NESSUNO MI PUO' GIUDICARE

Mariarosa Mancuso

    Bianchi e neri tutti uguali? Bianchi e neri tutti uguali? Ma che, siamo in un film di Nanni Moretti? Ve lo meritate Nanni Moretti”. Si son sentite parecchie risate anche alla proiezione stampa, luogo dove si ride di rado (non sta bene, siamo qui per lavorare, al massimo si sorride compostamente: per questo Checco Zalone e Gennaro Nunziante, dopo l'anteprima milanese di “Che bella giornata”, erano disperati e convinti che il film non avrebbe incassato una lira). Risate liberatorie, sembravano a orecchio. Non totalmente rispettose verso il maestro che in “Bianca” tracciò la strada, e che a sua volta era stato pochissimo rispettoso verso Alberto Sordi: “Rossi e neri tutti uguali? Ma che, siamo in un film di Alberto Sordi? Ve lo meritate Alberto Sordi”. Dopo aver gettato il sasso, e avere osato punzecchiare l'intoccabile, il regista Massimiliano Bruno, il supervisore alla sceneggiatura Fausto Brizzi e l'attore Rocco Papaleo, portinaio in canottiera che pronuncia la battuta, minimizzano: “Va inteso come un omaggio a Moretti, ma cosa andate a pensare”. A dispetto delle banalità da conferenza stampa, “Nessuno mi può giudicare” è una commedia molto divertente. Grazie a Paola Cortellesi, che non sbaglia un colpo anche se in certe scene sembra non aver fatto neppure una prova (neppure le hanno fatte l'operatore e il datore luci).

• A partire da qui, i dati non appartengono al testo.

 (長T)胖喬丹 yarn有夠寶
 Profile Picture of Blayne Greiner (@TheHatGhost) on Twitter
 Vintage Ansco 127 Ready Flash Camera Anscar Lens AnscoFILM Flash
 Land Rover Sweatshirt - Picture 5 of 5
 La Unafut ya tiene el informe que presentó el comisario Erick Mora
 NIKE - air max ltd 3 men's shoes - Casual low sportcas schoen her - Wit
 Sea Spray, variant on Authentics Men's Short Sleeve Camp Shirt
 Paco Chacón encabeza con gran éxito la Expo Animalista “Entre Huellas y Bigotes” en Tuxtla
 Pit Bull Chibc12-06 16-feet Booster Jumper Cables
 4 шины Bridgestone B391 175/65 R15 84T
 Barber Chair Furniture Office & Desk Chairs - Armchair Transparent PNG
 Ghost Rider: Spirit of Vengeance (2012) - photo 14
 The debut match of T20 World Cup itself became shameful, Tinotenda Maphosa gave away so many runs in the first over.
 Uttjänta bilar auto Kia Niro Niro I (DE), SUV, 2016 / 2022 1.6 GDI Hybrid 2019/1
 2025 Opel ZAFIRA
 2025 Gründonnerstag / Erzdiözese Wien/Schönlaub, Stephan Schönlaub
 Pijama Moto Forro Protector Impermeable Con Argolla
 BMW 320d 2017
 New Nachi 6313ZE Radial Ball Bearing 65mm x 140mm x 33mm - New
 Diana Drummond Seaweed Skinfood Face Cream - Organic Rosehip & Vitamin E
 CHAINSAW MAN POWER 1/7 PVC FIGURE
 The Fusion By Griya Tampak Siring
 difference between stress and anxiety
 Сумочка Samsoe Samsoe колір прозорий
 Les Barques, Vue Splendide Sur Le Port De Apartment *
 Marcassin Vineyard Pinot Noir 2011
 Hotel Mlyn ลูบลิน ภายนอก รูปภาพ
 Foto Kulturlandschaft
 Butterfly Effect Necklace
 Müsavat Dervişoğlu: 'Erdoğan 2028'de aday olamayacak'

Rimasta vedova di un marito che fabbricava impianti sanitari – nome della ditta “Chicago”, ultima invenzione il gabinetto matrimoniale, due tazze affiancate e il nome di battaglia “BiSogno” – e che l'ha lasciata carica di debiti, comincia a fare la escort. Non che sia facile, spiega la ragazza che la istruisce – l'attrice è Anna Foglietta, merita la citazione e altri ruoli in un cinema avaro di donne non isteriche – e le procura i primi clienti: il masochista, il bassetto con le maniglie dell'amore vestito da Superman, e altri disadattati (i clienti veramente danarosi arriveranno dopo il rodaggio). Grazie al portiere razzista e all'ex cameriere che le procura un localetto al Quarticciolo, curandola dalla puzza sotto il naso (fin troppo: difenderà un cameriere credendolo straniero, per sentirsi dire: “Ma signora, io sono italiano”). Grazie a Riccardo Rossi che fa una specie di dottor Stranamore, e irrompe in periferia con Fausto Leali. Perfino Raoul Bova ha le battute e il personaggio giusto, senza magliette sbracciate e mosse da gay.